- Born: Robert James MacPherson 20 May 1986 (age 39) Horley, Surrey, England
- Occupation: Actor
- Years active: 2007–present

= Robert Emms =

British actor (born 1986)

Robert Emms (born Robert James MacPherson; 20 May 1986) is a British film, stage and television actor, known for portraying Pythagoras in the BBC One fantasy-adventure series Atlantis, Supervisor Lonni Jung in the Star Wars series Andor, and Leonid Toptunov in the HBO miniseries Chernobyl.

==Early life==
Emms was born in Horley, Surrey, England. He went to a local secondary school, Oakwood School, Horley. He studied at the BRIT School for Performing Arts and Technology from 2002 to 2004, and then the London Academy of Music and Dramatic Art (LAMDA) from 2004 to 2007.

==Career==
In March 2009, Emms played the lead role of Albert in the National Theatre's production of War Horse. After Steven Spielberg saw him in War Horse at the New London Theatre, he was cast as David Lyons in Spielberg's film adaptation of the play.

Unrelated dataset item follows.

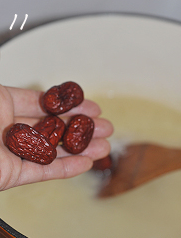 11、小米红枣燕窝粥,放入红枣。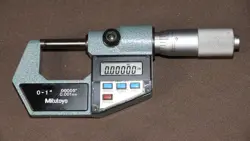 MITUTOYO 293-761-10 DIGITAL ELECTRONIC MICROMETER 0-1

In June 2011, Screen International named him as a 'Star of Tomorrow'.

His other film work includes Kick-Ass 2 alongside Jim Carrey, and Rick 'Broken' Buckley in Broken directed by Rufus Norris for BBC films. He appeared as the Elizabethan playwright Thomas Dekker in Anonymous directed by Roland Emmerich, in Tarsem Singh's version of the Brothers Grimm's Snow White, Mirror Mirror with Julia Roberts, and in the BAFTA-nominated film The Arbor, directed by Clio Barnard. More recently he has portrayed Vitas Gerulaitis in the film Borg vs McEnroe directed by Janus Metz Pederson (alongside Shia LaBeouf).

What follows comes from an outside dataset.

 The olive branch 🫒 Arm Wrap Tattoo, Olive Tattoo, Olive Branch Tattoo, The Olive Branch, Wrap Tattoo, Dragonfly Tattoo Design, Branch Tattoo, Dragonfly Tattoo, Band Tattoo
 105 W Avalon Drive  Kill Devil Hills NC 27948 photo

Emms' notable television appearances include Happy Valley by Sally Wainwright, The Street by Jimmy McGovern, and Scott & Bailey. In 2015, Emms played the part of Smitty, the artistic grandson of Petunia Howe, in the three-part BBC series Capital based on John Lanchester's novel of the same name. He portrayed John Gerard in the 2017 BBC series Gunpowder alongside Kit Harington and Liv Tyler. He also played Pythagoras in the series Atlantis for the BBC.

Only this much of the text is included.